» **DATA**
● ● ● ● ●

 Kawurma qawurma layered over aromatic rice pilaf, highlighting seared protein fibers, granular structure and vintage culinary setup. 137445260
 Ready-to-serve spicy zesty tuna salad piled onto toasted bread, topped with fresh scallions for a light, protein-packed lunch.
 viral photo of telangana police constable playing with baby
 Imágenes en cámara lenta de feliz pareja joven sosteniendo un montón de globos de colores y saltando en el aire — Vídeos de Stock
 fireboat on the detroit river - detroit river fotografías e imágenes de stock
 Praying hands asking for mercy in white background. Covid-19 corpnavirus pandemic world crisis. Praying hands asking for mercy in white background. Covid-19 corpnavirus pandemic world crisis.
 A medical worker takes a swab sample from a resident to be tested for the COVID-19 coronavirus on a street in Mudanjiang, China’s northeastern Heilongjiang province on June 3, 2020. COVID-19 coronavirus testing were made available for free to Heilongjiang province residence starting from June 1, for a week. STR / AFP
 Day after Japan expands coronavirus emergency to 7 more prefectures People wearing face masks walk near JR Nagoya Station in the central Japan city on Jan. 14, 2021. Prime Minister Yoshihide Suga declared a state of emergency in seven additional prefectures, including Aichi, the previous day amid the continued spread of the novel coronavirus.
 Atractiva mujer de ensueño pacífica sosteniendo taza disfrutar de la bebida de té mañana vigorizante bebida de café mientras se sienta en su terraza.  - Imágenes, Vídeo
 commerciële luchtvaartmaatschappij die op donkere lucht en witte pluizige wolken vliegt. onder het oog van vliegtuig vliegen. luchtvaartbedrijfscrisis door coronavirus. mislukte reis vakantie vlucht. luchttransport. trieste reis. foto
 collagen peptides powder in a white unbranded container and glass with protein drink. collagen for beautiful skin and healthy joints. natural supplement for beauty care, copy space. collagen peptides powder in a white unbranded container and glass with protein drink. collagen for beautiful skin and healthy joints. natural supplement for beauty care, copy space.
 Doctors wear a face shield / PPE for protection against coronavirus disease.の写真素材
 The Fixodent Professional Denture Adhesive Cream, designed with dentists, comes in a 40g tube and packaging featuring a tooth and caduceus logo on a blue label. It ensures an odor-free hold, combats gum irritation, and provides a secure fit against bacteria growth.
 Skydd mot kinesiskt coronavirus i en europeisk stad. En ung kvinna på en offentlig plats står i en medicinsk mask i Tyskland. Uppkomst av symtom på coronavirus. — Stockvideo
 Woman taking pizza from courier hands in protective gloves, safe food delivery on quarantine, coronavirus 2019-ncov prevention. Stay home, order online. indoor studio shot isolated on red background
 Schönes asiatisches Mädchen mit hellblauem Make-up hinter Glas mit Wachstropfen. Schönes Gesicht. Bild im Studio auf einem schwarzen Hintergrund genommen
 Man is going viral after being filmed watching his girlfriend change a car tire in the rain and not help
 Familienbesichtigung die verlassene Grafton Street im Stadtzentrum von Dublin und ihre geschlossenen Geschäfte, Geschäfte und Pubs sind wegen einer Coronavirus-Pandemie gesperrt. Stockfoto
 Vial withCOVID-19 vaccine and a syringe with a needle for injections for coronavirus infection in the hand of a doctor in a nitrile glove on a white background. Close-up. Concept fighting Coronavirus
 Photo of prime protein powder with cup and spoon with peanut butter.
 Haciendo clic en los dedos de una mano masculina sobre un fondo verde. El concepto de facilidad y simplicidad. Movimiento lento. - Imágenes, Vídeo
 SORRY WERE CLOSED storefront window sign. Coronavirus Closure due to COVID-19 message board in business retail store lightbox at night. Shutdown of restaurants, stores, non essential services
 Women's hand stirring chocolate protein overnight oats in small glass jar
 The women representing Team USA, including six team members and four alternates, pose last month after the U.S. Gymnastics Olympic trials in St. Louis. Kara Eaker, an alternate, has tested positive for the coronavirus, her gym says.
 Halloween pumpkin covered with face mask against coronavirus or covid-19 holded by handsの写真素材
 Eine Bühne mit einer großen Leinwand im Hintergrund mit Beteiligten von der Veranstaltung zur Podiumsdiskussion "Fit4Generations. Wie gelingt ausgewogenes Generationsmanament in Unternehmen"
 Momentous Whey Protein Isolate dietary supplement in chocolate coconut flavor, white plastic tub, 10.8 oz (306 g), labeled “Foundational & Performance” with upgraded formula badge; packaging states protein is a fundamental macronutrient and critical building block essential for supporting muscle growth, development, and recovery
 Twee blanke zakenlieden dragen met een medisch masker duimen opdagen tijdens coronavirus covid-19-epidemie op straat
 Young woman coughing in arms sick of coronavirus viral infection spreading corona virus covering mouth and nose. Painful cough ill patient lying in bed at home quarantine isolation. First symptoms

● ● ● ● ●

Reproduce the data exactly, altering nothing.

» **WRITTEN REPLY**
 Kawurma qawurma layered over aromatic rice pilaf, highlighting seared protein fibers, granular structure and vintage culinary setup. 137445260
 Ready-to-serve spicy zesty tuna salad piled onto toasted bread, topped with fresh scallions for a light, protein-packed lunch.
 viral photo of telangana police constable playing with baby
 Imágenes en cámara lenta de feliz pareja joven sosteniendo un montón de globos de colores y saltando en el aire — Vídeos de Stock
 fireboat on the detroit river - detroit river fotografías e imágenes de stock
 Praying hands asking for mercy in white background. Covid-19 corpnavirus pandemic world crisis. Praying hands asking for mercy in white background. Covid-19 corpnavirus pandemic world crisis.
 A medical worker takes a swab sample from a resident to be tested for the COVID-19 coronavirus on a street in Mudanjiang, China’s northeastern Heilongjiang province on June 3, 2020. COVID-19 coronavirus testing were made available for free to Heilongjiang province residence starting from June 1, for a week. STR / AFP
 Day after Japan expands coronavirus emergency to 7 more prefectures People wearing face masks walk near JR Nagoya Station in the central Japan city on Jan. 14, 2021. Prime Minister Yoshihide Suga declared a state of emergency in seven additional prefectures, including Aichi, the previous day amid the continued spread of the novel coronavirus.
 Atractiva mujer de ensueño pacífica sosteniendo taza disfrutar de la bebida de té mañana vigorizante bebida de café mientras se sienta en su terraza.  - Imágenes, Vídeo
 commerciële luchtvaartmaatschappij die op donkere lucht en witte pluizige wolken vliegt. onder het oog van vliegtuig vliegen. luchtvaartbedrijfscrisis door coronavirus. mislukte reis vakantie vlucht. luchttransport. trieste reis. foto
 collagen peptides powder in a white unbranded container and glass with protein drink. collagen for beautiful skin and healthy joints. natural supplement for beauty care, copy space. collagen peptides powder in a white unbranded container and glass with protein drink. collagen for beautiful skin and healthy joints. natural supplement for beauty care, copy space.
 Doctors wear a face shield / PPE for protection against coronavirus disease.の写真素材
 The Fixodent Professional Denture Adhesive Cream, designed with dentists, comes in a 40g tube and packaging featuring a tooth and caduceus logo on a blue label. It ensures an odor-free hold, combats gum irritation, and provides a secure fit against bacteria growth.
 Skydd mot kinesiskt coronavirus i en europeisk stad. En ung kvinna på en offentlig plats står i en medicinsk mask i Tyskland. Uppkomst av symtom på coronavirus. — Stockvideo
 Woman taking pizza from courier hands in protective gloves, safe food delivery on quarantine, coronavirus 2019-ncov prevention. Stay home, order online. indoor studio shot isolated on red background
 Schönes asiatisches Mädchen mit hellblauem Make-up hinter Glas mit Wachstropfen. Schönes Gesicht. Bild im Studio auf einem schwarzen Hintergrund genommen
 Man is going viral after being filmed watching his girlfriend change a car tire in the rain and not help
 Familienbesichtigung die verlassene Grafton Street im Stadtzentrum von Dublin und ihre geschlossenen Geschäfte, Geschäfte und Pubs sind wegen einer Coronavirus-Pandemie gesperrt. Stockfoto
 Vial withCOVID-19 vaccine and a syringe with a needle for injections for coronavirus infection in the hand of a doctor in a nitrile glove on a white background. Close-up. Concept fighting Coronavirus
 Photo of prime protein powder with cup and spoon with peanut butter.
 Haciendo clic en los dedos de una mano masculina sobre un fondo verde. El concepto de facilidad y simplicidad. Movimiento lento. - Imágenes, Vídeo
 SORRY WERE CLOSED storefront window sign. Coronavirus Closure due to COVID-19 message board in business retail store lightbox at night. Shutdown of restaurants, stores, non essential services
 Women's hand stirring chocolate protein overnight oats in small glass jar
 The women representing Team USA, including six team members and four alternates, pose last month after the U.S. Gymnastics Olympic trials in St. Louis. Kara Eaker, an alternate, has tested positive for the coronavirus, her gym says.
 Halloween pumpkin covered with face mask against coronavirus or covid-19 holded by handsの写真素材
 Eine Bühne mit einer großen Leinwand im Hintergrund mit Beteiligten von der Veranstaltung zur Podiumsdiskussion "Fit4Generations. Wie gelingt ausgewogenes Generationsmanament in Unternehmen"
 Momentous Whey Protein Isolate dietary supplement in chocolate coconut flavor, white plastic tub, 10.8 oz (306 g), labeled “Foundational & Performance” with upgraded formula badge; packaging states protein is a fundamental macronutrient and critical building block essential for supporting muscle growth, development, and recovery
 Twee blanke zakenlieden dragen met een medisch masker duimen opdagen tijdens coronavirus covid-19-epidemie op straat
 Young woman coughing in arms sick of coronavirus viral infection spreading corona virus covering mouth and nose. Painful cough ill patient lying in bed at home quarantine isolation. First symptoms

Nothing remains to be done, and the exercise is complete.